YOUR GOAL: Take the data below and write it out exactly, except for the pictures.

AVAILABLE RECORDS:
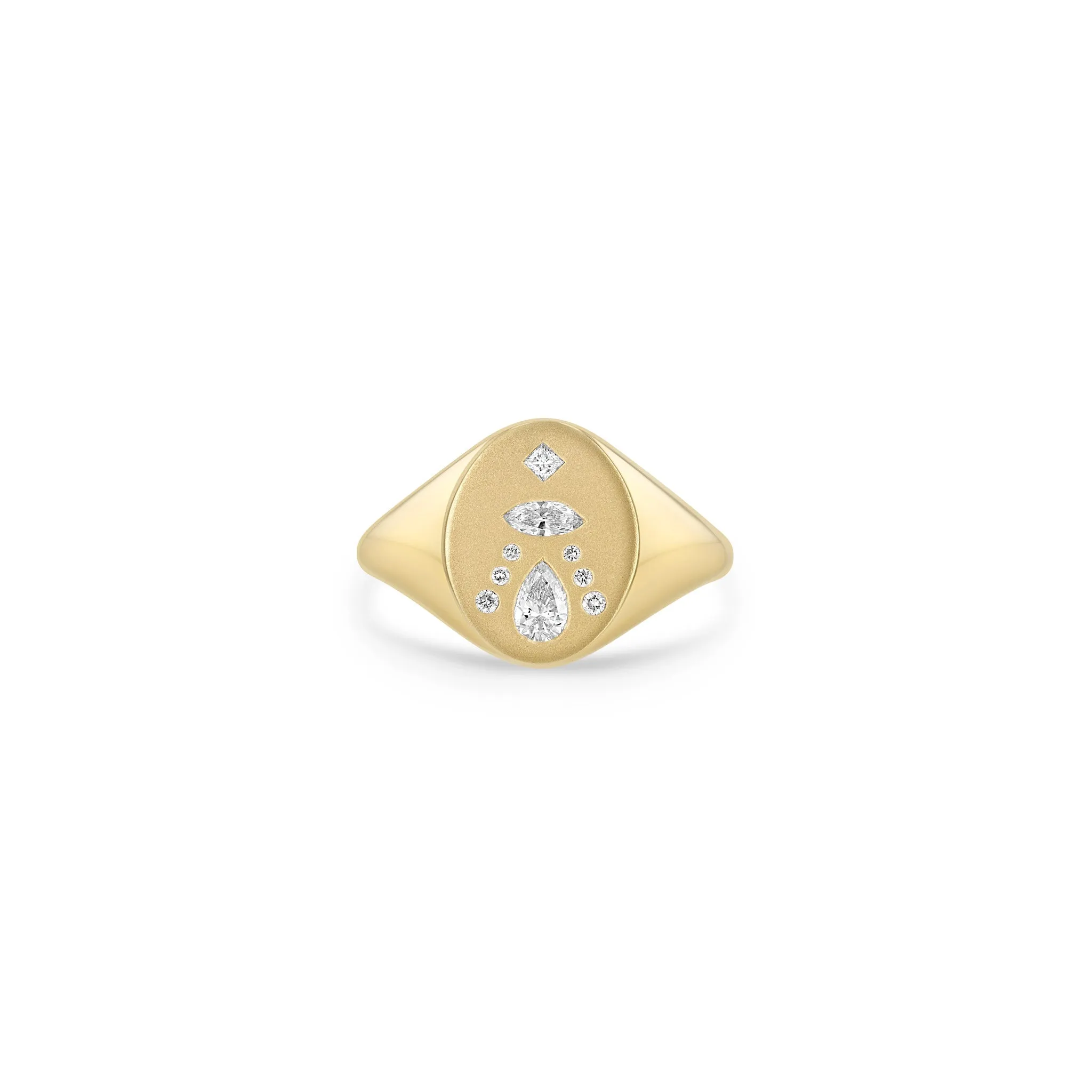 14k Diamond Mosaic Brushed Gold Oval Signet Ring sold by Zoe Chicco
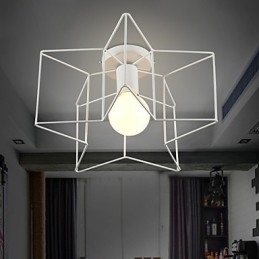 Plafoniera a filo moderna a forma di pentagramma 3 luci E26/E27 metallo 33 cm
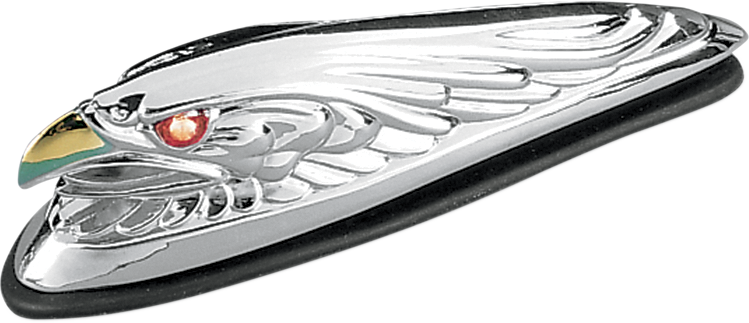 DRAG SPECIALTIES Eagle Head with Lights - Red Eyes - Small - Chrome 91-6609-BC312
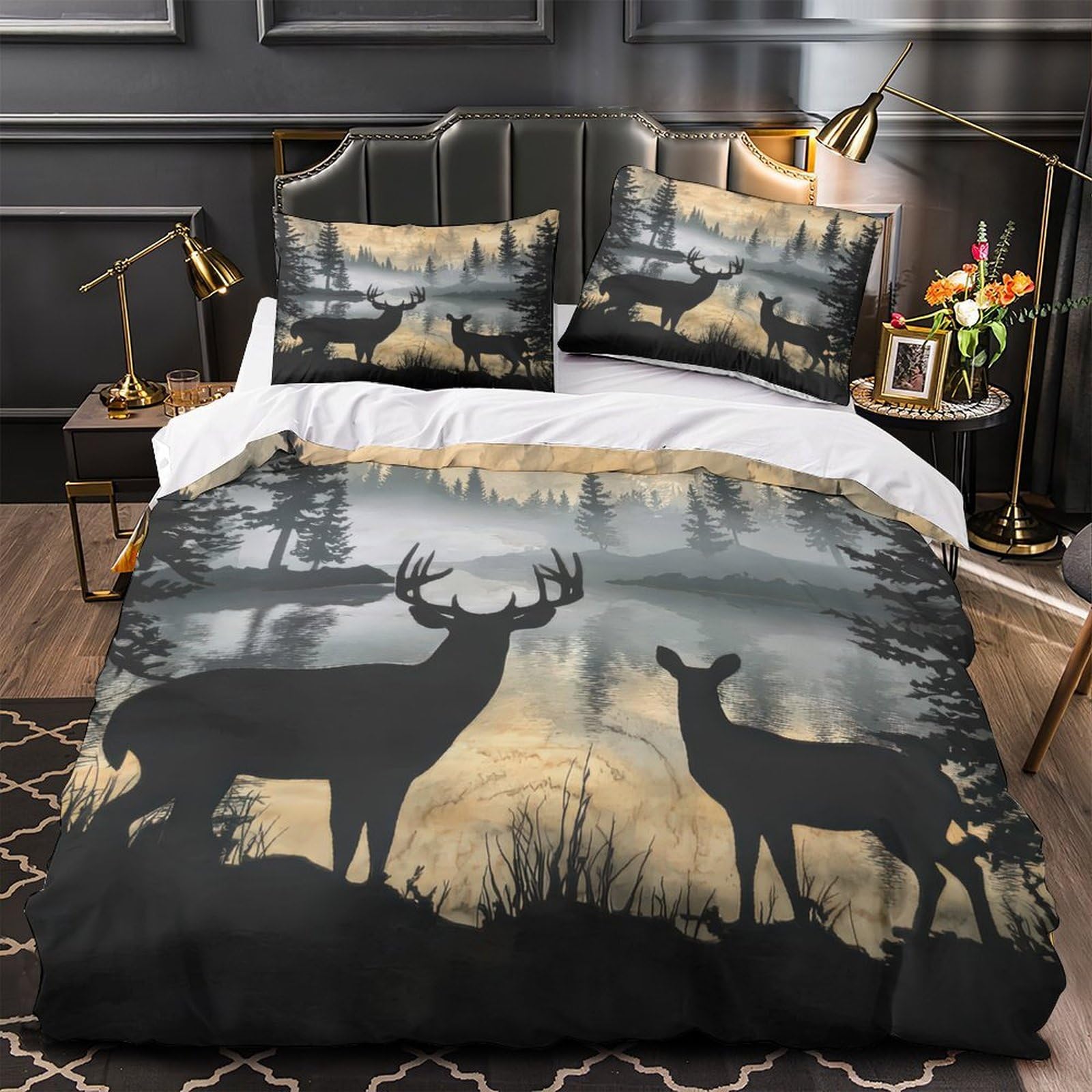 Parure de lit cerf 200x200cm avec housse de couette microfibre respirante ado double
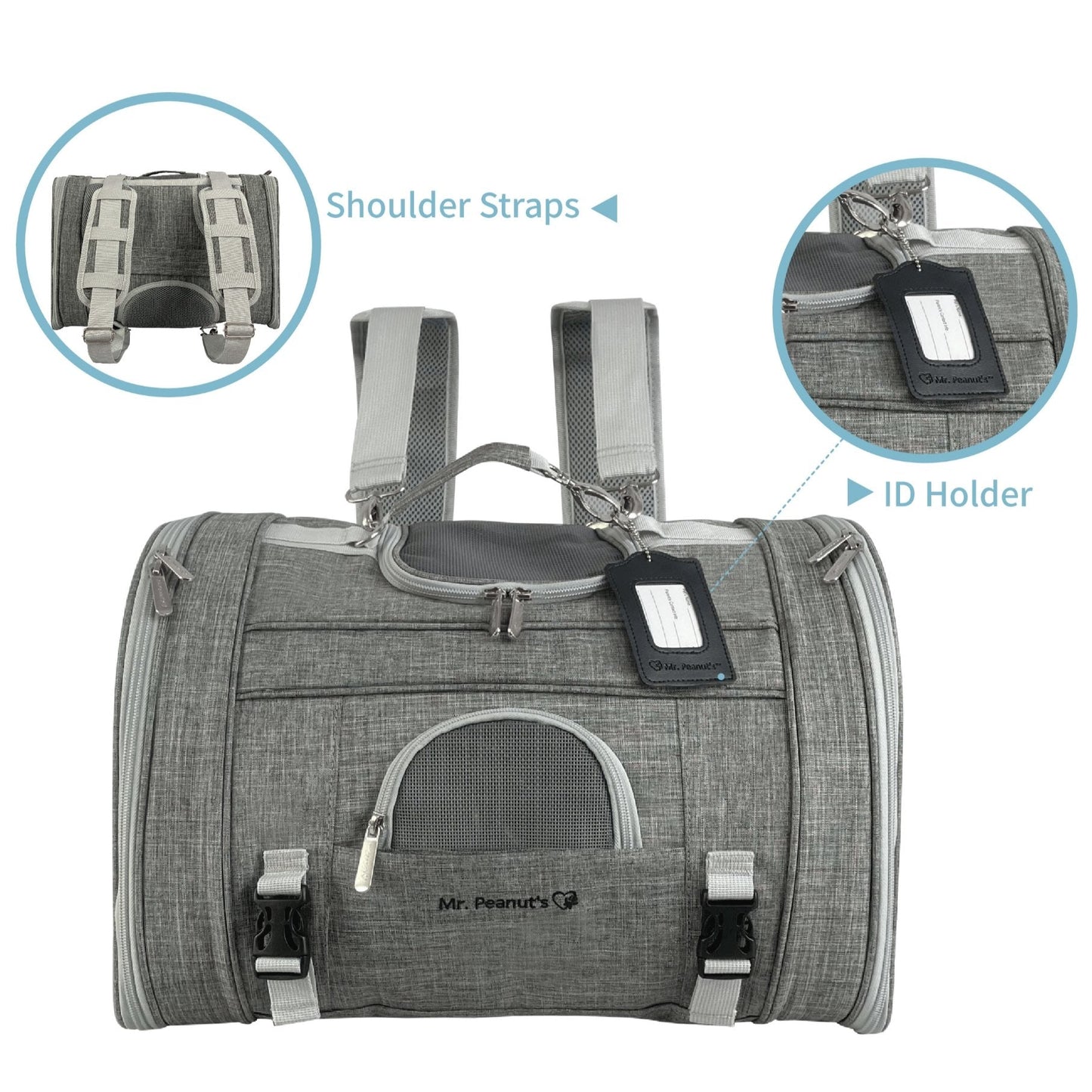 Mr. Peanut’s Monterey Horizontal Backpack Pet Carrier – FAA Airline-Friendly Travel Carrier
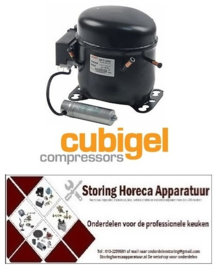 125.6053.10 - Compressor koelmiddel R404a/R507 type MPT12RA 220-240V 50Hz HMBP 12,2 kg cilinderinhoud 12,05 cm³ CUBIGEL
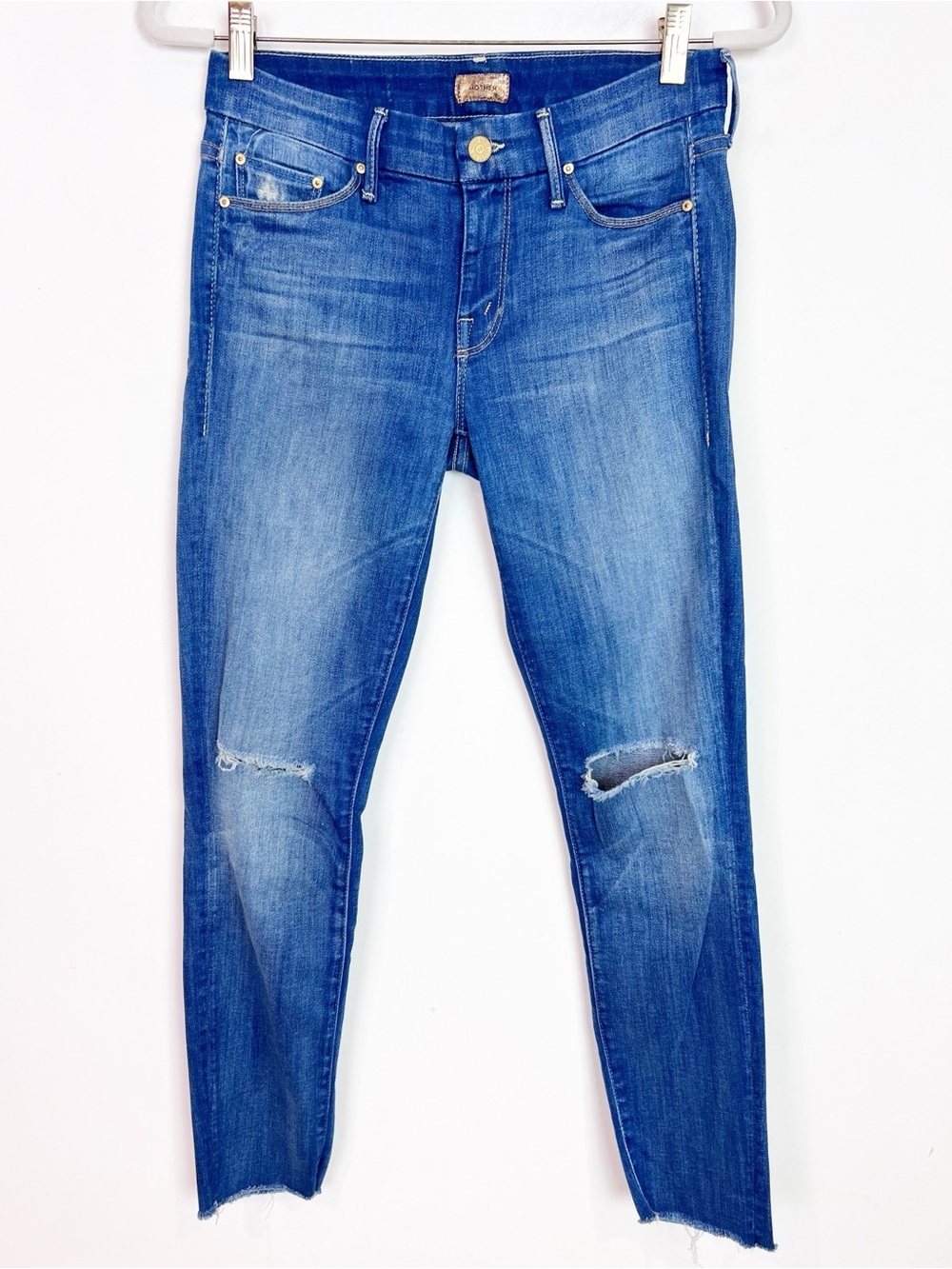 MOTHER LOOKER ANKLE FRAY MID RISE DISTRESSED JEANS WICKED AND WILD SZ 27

RESULT BELOW:
 14k Diamond Mosaic Brushed Gold Oval Signet Ring sold by Zoe Chicco
 Plafoniera a filo moderna a forma di pentagramma 3 luci E26/E27 metallo 33 cm
 DRAG SPECIALTIES Eagle Head with Lights - Red Eyes - Small - Chrome 91-6609-BC312
 Parure de lit cerf 200x200cm avec housse de couette microfibre respirante ado double
 Mr. Peanut’s Monterey Horizontal Backpack Pet Carrier – FAA Airline-Friendly Travel Carrier
 125.6053.10 - Compressor koelmiddel R404a/R507 type MPT12RA 220-240V 50Hz HMBP 12,2 kg cilinderinhoud 12,05 cm³ CUBIGEL
 MOTHER LOOKER ANKLE FRAY MID RISE DISTRESSED JEANS WICKED AND WILD SZ 27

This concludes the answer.